She was an orphan in Uganda, “sleeping with nothing but a banana leaf over my shoulders to keep me warm,” recalled Orishaba, now 17 and living in 4S Ranch.

Those memories, of her fear and uncertainty under the care of her 13-year-old aunt Loyce, are what Orishaba wrote about in “A river runs through me.” She entered the essay in The New York Times 100-word Personal Narrative Contest.

Out of 12,448 student essays from around the world, hers was among 13 selected as winners and published on Dec. 7. The essays by the winners can be read at tinyurl.com/NYTessays22. They were among 82 finalists, also including 23 runners-up and 46 honorable mentions.

The students — all teenagers — wrote about big and small moments in their lives. Some were heartwarming. Others were funny. Orishaba said she decided to write about this moment to introduce people to her indigenous Batwa tribe, which was removed from its homeland in the rainforest to create a preserve for mountain gorillas.

“We are forgotten while the gorillas are celebrated. Lost to save the species,” she wrote.

The junior at Poway to Palomar Middle College in Rancho Bernardo — Poway Unified’s new program with Palomar College for high school juniors and seniors — said she was encouraged to enter the contest by her adoptive mother, Wendee Nicole.

“Mom found out and she encouraged me. Said I should do it,” Orishaba said. “I did not really want to because I am not a big fan of writing. But I like to tell stories.”

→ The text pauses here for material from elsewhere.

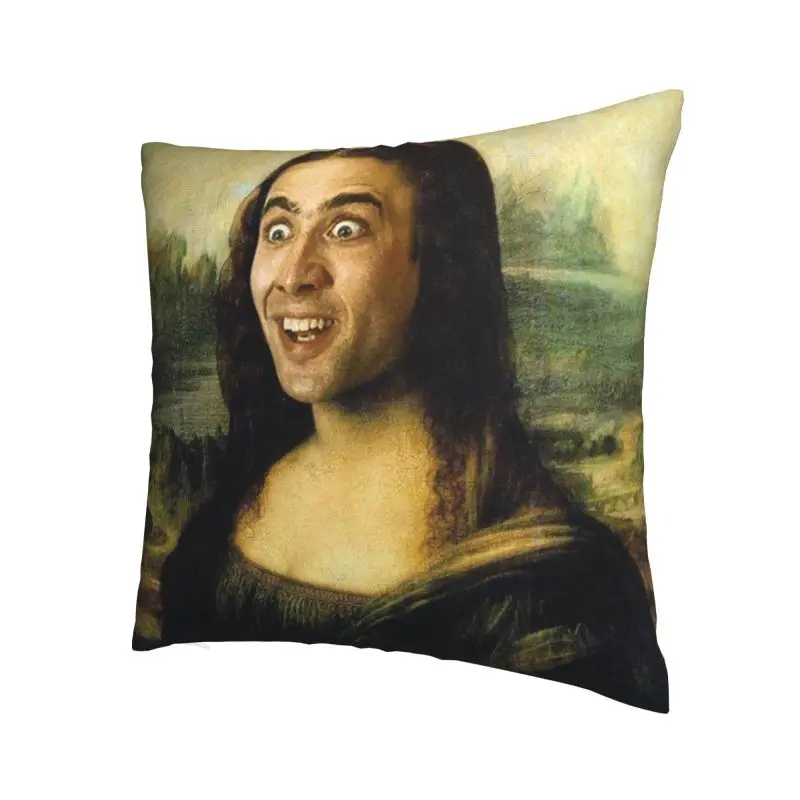 Vibrant Nicolas Cage Mona Lisa Funny Meme Pillow Cover Decoration 3D Double-sided Printing Cushion Cover for Sofa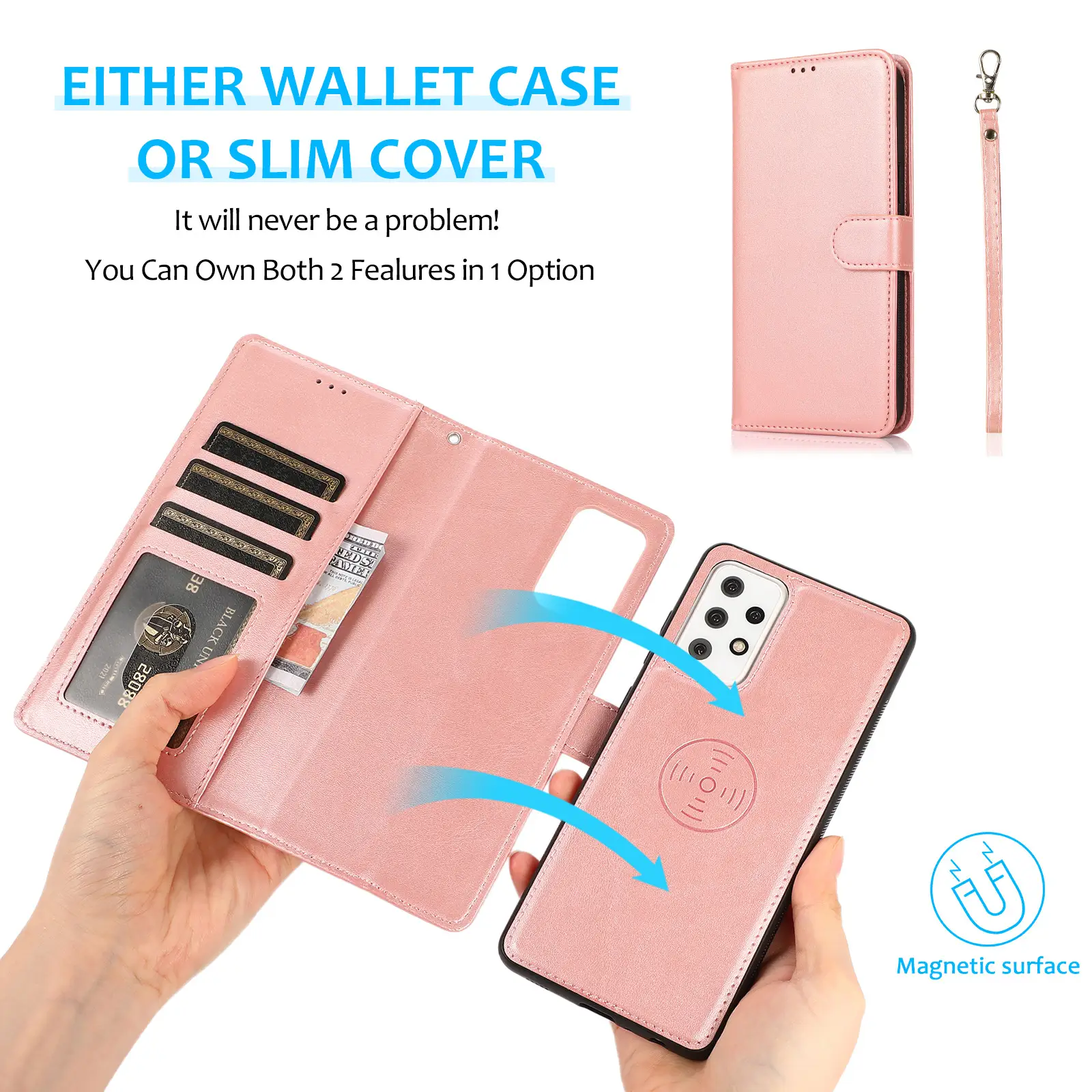 Two-in-One Leather Wallet with 4 Pockets & Smart Connect - Image 7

Writing about this moment in her life 11 years ago was a way to introduce herself and her people to a wider audience, she said. While in a desperate situation at that time, she was also hopeful.

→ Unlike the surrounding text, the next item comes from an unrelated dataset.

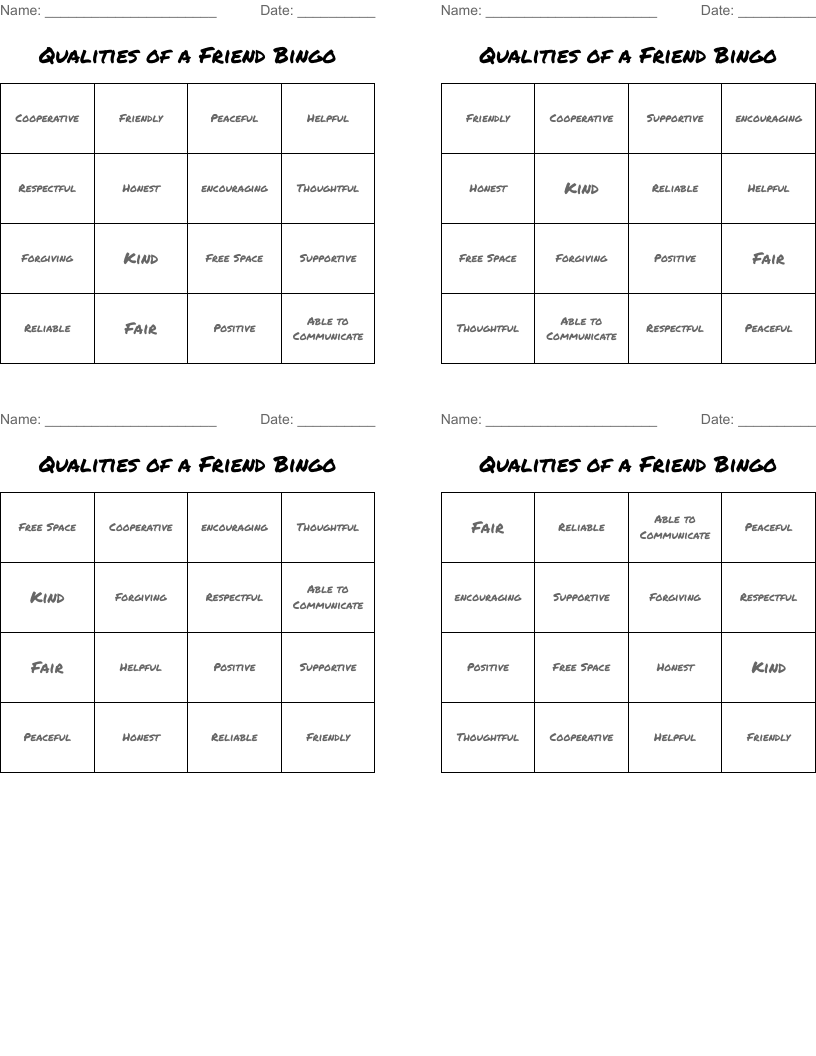 Qualities of a Friend Bingo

“I will be the river for my people. I am the future,” she wrote to conclude her essay.

Joyce Orishaba, right, with her aunt Loyce in Uganda in 2016.
(Wendee Nicole)

Narrowing down what she wanted to say to just 100 words was a challenge, Orishaba said. It took her a few days and many rewrites. She consulted with teachers, her mother and grandparents before the final version was completed a couple months ago.

Orishaba found out via email that she was a finalist last week, but not that she was among the 13 winners until the article was published.

“I was really excited ... I was very shocked,” Orishaba said upon learning she was a winner.

“I was over the moon, so excited,” Nicole said about learning her daughter had won.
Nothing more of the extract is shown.